• [EXERCISE DETAILS] Your reply should be the complete data, reproduced exactly.

• [SOURCE DATA]
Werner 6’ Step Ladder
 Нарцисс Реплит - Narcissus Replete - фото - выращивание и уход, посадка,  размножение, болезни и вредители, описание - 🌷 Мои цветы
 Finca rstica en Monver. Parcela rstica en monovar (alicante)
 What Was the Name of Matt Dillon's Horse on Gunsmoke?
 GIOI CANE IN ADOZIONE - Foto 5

• [SOLUTION TO THIS PROBLEM]
Werner 6’ Step Ladder
 Нарцисс Реплит - Narcissus Replete - фото - выращивание и уход, посадка,  размножение, болезни и вредители, описание - 🌷 Мои цветы
 Finca rstica en Monver. Parcela rstica en monovar (alicante)
 What Was the Name of Matt Dillon's Horse on Gunsmoke?
 GIOI CANE IN ADOZIONE - Foto 5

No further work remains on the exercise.